8. An adaptive processing system for a refund process, characterized in that, include: The feature acquisition module is used to acquire the business feature data of the payment registration form in response to the creation operation of the payment registration form; The type determination module is used to determine the business type of the payment registration form based on the business characteristic data, wherein the business type includes partial refund types; The association establishment module is used to establish an association between the payment registration form and the original payment form that has been settled when the business type is the partial refund type; The process processing module is used to, based on the aforementioned relationship, only cancel the portion of the amount in the original payment order that corresponds to the amount received in the payment registration form, and simultaneously update the integrated data of the business system associated with the original payment order.

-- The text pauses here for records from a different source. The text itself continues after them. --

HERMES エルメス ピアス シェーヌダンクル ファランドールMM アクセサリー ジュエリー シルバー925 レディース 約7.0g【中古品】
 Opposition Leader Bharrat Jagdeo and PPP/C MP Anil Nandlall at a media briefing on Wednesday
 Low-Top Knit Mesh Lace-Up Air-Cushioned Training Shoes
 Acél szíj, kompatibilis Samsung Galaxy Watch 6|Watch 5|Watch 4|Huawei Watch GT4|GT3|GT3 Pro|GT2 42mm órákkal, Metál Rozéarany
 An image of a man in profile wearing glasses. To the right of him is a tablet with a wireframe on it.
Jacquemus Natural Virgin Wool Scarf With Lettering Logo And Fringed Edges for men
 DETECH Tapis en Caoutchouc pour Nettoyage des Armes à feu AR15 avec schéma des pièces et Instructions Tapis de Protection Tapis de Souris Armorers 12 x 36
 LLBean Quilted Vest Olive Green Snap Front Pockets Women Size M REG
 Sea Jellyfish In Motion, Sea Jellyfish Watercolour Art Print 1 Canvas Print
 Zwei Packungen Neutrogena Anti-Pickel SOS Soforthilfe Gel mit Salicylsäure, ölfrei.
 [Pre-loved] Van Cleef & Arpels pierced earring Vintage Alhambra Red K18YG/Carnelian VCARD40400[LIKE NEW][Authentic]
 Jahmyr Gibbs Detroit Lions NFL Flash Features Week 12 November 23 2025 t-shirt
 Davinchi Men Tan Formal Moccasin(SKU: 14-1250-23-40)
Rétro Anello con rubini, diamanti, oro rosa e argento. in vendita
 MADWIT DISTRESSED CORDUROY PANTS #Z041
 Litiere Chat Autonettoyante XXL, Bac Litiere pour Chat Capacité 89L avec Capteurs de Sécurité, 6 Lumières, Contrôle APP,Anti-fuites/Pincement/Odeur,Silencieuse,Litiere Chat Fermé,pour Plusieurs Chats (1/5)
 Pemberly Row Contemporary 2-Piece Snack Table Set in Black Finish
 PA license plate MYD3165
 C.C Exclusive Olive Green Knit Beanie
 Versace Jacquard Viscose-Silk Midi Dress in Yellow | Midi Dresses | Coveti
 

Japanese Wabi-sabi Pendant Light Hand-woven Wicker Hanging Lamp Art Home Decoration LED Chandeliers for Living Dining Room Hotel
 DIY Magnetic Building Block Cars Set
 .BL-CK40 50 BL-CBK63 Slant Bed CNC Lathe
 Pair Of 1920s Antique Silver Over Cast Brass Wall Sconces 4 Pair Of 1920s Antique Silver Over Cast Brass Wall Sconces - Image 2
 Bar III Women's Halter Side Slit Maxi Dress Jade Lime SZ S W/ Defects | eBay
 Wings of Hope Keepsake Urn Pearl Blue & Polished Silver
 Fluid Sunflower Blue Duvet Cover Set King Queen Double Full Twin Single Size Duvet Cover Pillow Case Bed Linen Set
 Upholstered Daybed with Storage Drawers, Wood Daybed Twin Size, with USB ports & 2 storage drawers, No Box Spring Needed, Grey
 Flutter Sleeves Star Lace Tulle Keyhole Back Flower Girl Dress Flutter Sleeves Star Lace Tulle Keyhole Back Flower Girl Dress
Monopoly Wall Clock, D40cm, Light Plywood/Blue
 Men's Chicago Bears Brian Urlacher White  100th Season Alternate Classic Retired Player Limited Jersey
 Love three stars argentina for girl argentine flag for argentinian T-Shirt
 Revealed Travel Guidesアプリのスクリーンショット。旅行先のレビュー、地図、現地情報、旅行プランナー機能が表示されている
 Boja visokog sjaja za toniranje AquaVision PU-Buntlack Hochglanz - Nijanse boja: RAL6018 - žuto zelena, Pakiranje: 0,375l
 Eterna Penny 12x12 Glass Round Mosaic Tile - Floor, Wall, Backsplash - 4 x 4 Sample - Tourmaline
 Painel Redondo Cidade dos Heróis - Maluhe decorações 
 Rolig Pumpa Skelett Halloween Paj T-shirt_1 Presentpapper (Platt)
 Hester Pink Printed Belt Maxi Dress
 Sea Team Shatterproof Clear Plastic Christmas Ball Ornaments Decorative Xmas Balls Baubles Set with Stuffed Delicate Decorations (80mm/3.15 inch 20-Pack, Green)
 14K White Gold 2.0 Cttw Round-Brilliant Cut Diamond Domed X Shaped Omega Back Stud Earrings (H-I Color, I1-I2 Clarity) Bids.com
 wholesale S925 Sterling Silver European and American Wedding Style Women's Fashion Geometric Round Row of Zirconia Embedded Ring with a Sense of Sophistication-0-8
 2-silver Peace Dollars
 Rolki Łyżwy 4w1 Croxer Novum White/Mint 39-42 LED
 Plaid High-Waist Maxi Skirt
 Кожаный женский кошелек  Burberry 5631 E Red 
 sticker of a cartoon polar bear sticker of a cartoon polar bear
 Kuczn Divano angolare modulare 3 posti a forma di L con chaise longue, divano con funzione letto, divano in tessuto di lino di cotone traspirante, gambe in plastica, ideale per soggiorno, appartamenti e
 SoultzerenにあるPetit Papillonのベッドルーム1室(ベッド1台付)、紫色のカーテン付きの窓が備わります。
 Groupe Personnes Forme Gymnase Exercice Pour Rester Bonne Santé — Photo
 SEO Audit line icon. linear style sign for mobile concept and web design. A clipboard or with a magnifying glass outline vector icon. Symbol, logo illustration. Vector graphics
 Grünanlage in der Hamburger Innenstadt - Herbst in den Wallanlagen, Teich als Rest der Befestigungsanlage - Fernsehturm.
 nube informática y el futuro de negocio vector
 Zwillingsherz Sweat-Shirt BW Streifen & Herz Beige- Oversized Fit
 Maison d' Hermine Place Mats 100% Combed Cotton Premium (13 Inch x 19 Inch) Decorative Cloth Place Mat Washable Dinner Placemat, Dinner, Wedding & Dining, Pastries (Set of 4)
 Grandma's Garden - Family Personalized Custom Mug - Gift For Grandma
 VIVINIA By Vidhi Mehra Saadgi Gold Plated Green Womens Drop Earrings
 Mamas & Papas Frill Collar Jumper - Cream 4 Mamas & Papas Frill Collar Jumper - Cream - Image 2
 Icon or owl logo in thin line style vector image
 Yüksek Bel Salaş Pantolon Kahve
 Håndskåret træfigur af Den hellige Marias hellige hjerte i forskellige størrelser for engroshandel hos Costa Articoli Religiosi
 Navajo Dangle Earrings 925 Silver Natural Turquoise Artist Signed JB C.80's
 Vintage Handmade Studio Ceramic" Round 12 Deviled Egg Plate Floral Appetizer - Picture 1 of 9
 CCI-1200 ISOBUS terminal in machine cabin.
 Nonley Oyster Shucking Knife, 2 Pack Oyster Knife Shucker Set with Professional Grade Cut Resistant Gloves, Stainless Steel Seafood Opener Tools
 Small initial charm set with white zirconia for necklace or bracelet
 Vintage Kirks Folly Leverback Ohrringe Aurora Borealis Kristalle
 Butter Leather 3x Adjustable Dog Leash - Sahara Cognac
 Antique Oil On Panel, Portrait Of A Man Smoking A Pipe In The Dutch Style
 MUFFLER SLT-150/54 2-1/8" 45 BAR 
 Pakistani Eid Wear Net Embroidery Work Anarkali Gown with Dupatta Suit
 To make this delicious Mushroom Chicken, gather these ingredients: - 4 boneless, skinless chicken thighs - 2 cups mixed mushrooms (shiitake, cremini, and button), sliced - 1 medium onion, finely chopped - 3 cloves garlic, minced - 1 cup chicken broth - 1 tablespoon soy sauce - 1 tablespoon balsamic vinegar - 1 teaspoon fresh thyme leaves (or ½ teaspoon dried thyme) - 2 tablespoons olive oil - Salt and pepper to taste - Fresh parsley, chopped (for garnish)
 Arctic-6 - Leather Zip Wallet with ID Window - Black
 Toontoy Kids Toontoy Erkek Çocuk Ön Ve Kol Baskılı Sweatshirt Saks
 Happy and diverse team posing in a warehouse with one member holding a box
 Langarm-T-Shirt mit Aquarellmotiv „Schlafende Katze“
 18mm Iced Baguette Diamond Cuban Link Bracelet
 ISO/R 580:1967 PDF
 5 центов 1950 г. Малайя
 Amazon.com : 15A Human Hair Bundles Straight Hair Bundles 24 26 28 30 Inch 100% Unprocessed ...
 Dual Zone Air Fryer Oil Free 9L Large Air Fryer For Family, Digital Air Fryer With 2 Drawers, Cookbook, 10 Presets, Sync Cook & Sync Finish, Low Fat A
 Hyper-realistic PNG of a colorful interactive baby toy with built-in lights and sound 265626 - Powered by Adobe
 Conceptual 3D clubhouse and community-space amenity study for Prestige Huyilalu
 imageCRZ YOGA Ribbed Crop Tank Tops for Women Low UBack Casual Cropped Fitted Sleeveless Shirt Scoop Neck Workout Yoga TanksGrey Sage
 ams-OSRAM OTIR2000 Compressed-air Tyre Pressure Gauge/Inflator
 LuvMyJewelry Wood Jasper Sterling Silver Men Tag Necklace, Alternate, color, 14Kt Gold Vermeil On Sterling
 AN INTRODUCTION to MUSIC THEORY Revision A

9. An adaptive processing device for a refund process, characterized in that, include: Memory for storing the adaptive processing program for the refund process; A processor, when executing an adaptive handler for the refund process, implements the steps of the adaptive processing method for the refund process as described in any one of claims 1-7.
10. A computer-readable storage medium storing a computer program, characterized in that, The readable storage medium stores an adaptive processing program for the refund process, which, when executed by a processor, implements the steps of the adaptive processing method for the refund process as described in any one of claims 1-7.